Buhari
By Zik Zulu Okafor
It was on April 27, 2015. The Nigerian Ports Authority (NPA) sent a simple, concise but corrosive letter to sea ports operators.
This letter carried a directive from the immediate past President of the Federal Republic of Nigeria, Dr. Goodluck Ebele Jonathan.
This directive carried two confounding instructions. The first is that the management of LADOL Integrated Free Logistics Zone Enterprise should relocate its present US $500 million fabrication and integrated yards currently going on in Apapa, Lagos State, to Agge, in Bayelsa state. Perhaps well aware that Bayelsa state does not have the facilities to accommodate the massive Egina FPSO Project, the directive added that, “it can be conveniently located at any dedicated Oil and Gas terminal”. And the only designated oil and gas terminal is Onne Ports, controlled by INTELS.
The second point in the curious directive, signed by one Engineer David Omonibeke, Executive Director, Marine and Operations, decreed that all oil and gas related cargo must be handled only at the designated terminals at Onne, Warri and Calabar ports. It is very important to note that these three designated ports are controlled exclusively by INTELS.
This was one directive that convulsed the maritime world, staggered the sea ports operators and indeed shocked all stakeholders. And the reason is simple. The government has a subsisting contract it signed with the terminal operators through NPA and the Bureau of Public Enterprises (BPE) which serves as the confirming party.

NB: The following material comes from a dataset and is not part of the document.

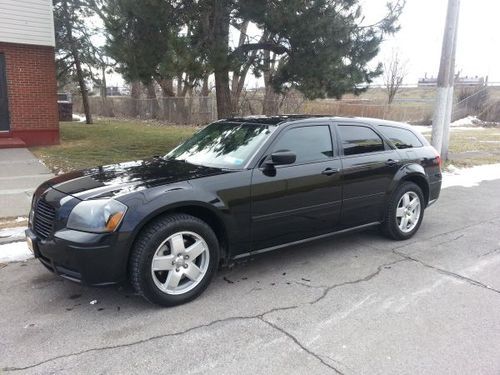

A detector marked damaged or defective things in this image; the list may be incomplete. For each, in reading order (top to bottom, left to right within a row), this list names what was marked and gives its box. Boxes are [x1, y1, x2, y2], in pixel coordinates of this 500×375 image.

crack in pavement [394, 250, 500, 296]
crack in pavement [1, 258, 404, 374]
crack in pavement [260, 318, 346, 375]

This contract states in crystal terms in Article 18.2 that “No change, amendment, or modification of this agreement shall be valid or binding upon parties hereto unless such change, amendment or modification shall be in writing and duly executed by the parties here to.”
No consultation
But the former President and his men at the Federal Ministry of Transport and NPA did not hold any form of consultation with the sea port operators before making this policy statement that represents a crass violation of the agreement and subjects Nigeria to outrageous infamy before the global business community as a nation of uncivilized people without respect for simple agreements.
But Jonathan’s directive is only an incongruous climax to a thriving illegality that has endured for years.
Take, for example the case of Ports and Terminal Operators Nigeria Limited (PTOL), an indigenous registered company and the concessionaire of the multi-purpose Terminal A, Port Harcourt Port.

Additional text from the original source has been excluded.